Soon this ivory talisman begins to come to life at night, offering wisdom and encouragement in roaming dreams of smoke and moonlight that come to feel ever more real.

As Evie grows stronger there remains one problem her new parents can’t fix for her: a revenge that must be taken. And it seems that the Dragon is the one to take it.

This subtly unsettling novel is told from the viewpoint of a fourteen-year-old girl damaged by a past she can’t talk about, in a hypnotic narrative that, while giving increasing insight, also becomes increasingly unreliable.

A blend of psychological thriller and fairytale, The Bone Dragon explores the fragile boundaries between real life and fantasy, and the darkest corners of the human mind.


My review of this novel begins with WOW. I was not expecting anything special, especially when I read the title and synopsis but I always like being proven wrong. The Bone Dragon is brilliant. Not a quick read like some of the others recently, I took my time and savoured every bit of action and twist in the plot.

Evie has been broken, literally to bits but is slowly being mended in no small part due to her adoptive parents and new family. She’s lived through abuse and her new life surrounded by people who genuinely care is hard to slot into, but she’s trying. Her Dragon charm seems to be the one thing to help her make a change, it’s a symbol of where she can go not where she’s been and although the Dragon and scenes featuring him are very much fantasy it didn’t put me off at all. I was hooked to Evie’s story and completely loved her character.
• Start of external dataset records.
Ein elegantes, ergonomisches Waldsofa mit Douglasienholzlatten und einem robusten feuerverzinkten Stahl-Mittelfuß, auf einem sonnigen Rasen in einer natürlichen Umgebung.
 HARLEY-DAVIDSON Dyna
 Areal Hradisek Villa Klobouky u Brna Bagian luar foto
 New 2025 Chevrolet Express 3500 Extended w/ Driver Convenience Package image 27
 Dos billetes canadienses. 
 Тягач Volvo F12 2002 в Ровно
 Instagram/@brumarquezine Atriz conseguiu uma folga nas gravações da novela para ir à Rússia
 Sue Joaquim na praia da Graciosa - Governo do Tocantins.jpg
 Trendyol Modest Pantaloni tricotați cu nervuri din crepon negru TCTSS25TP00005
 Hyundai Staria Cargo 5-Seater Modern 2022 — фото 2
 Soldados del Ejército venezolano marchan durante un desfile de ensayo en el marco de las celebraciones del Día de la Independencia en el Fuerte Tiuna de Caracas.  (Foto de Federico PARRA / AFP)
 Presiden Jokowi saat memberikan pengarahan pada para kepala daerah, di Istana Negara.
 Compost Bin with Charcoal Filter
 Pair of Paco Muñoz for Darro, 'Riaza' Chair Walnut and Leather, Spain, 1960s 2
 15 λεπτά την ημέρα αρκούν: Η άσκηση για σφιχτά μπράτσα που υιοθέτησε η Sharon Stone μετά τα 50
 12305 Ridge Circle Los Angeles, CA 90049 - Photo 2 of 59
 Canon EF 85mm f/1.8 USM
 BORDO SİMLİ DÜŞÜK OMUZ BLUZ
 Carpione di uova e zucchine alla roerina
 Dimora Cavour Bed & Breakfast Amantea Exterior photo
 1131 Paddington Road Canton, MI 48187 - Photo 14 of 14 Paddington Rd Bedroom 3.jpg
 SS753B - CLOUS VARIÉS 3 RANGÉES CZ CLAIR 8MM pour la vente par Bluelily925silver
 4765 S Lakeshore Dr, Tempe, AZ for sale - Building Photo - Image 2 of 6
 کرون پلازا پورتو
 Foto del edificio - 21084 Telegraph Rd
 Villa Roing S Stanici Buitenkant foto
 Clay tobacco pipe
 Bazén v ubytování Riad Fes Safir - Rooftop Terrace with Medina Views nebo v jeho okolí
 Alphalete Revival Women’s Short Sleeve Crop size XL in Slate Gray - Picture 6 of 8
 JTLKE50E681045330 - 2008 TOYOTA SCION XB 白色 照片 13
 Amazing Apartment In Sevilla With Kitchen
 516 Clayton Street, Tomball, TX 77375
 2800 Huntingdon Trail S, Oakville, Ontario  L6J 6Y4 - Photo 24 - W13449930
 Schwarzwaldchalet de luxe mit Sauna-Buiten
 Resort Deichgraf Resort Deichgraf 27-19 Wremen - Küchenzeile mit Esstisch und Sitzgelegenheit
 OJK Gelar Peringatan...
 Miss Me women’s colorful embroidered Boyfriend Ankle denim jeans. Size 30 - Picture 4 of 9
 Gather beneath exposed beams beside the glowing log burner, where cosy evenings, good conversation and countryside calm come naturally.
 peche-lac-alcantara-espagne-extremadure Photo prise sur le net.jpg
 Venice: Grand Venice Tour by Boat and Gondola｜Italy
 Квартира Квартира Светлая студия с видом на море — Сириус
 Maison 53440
This novel is incredibly dark, even the lighter moments, where Evie tries to spend time with her friends and get on with school like a ‘normal’ pupil there’s always a sense that she can’t overcome her differentness. All the small nuances from her fiery hatred of the school bully to her adoptive mother’s obsessive worrying make the whole novel more complete and believable. Casale blends fantasy with all the features of a fantastic psychological thriller and it’s an extremely powerful debut which leaves me wanting more from the author.

I want to know what happens to Evie and knowing that I can’t is so annoying. It does show that Casale creates pretty awesome characters.